During my winter at the south pole, some friends of mine were working on a multi-layered research project using a number of related instruments. In order to make the most of their time there, and the considerable expense and logistical hassle of getting and being down there to collect this data, they were milking every drop of knowledge from their dataset. They liked to compare it to using the whole animal, not just eating the choice meat and discarding the rest. Even that scrap of sinew can be used for something.
This is how I feel about teaching. I want to grapple with the whole animal, and I want to learn from everything I do. I want to keep seeing my mistakes as learning opportunities, and keep remembering that this whole endeavor is for the students. My rudder is my students’ learning, and I want everything I do to be focused on that anchor.
I am ambitious: I am starting my first teaching job in a week, but that’s no reason to shy away from doing (attempting to do) the right thing.
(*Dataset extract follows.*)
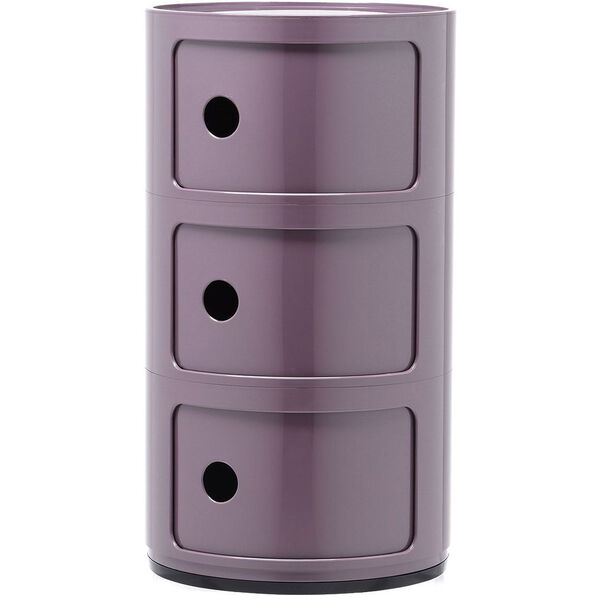 Componibili Classic Säilytys 3 Osiolla Violet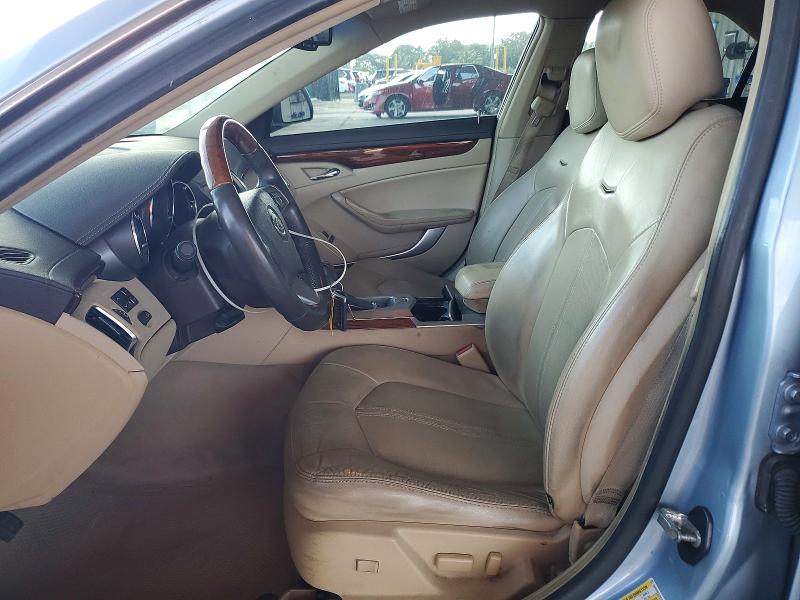 Продаж на аукціоні авто 2013 Cadillac Cts, vin: 1G6DE5E52D0109668, номер лоту: 52140156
For me, right now, that right thing has three main components:
- using a student centered teaching approach (modeling approach in physics, project-based learning in environmental science),
- using standards based grading, and
- establishing a climate of trust and relationship in my classroom.
I plan to use this blog to ruminate on some of these, mostly the grading and the modeling, both of which are new to me (both as a teacher and as a student), so they feel a bit strange in my mouth still. Yes, I drank the kool-aid somewhere between earning my teaching license and getting my first job. I’m going to go bite off more than I can chew, and try to digest it here.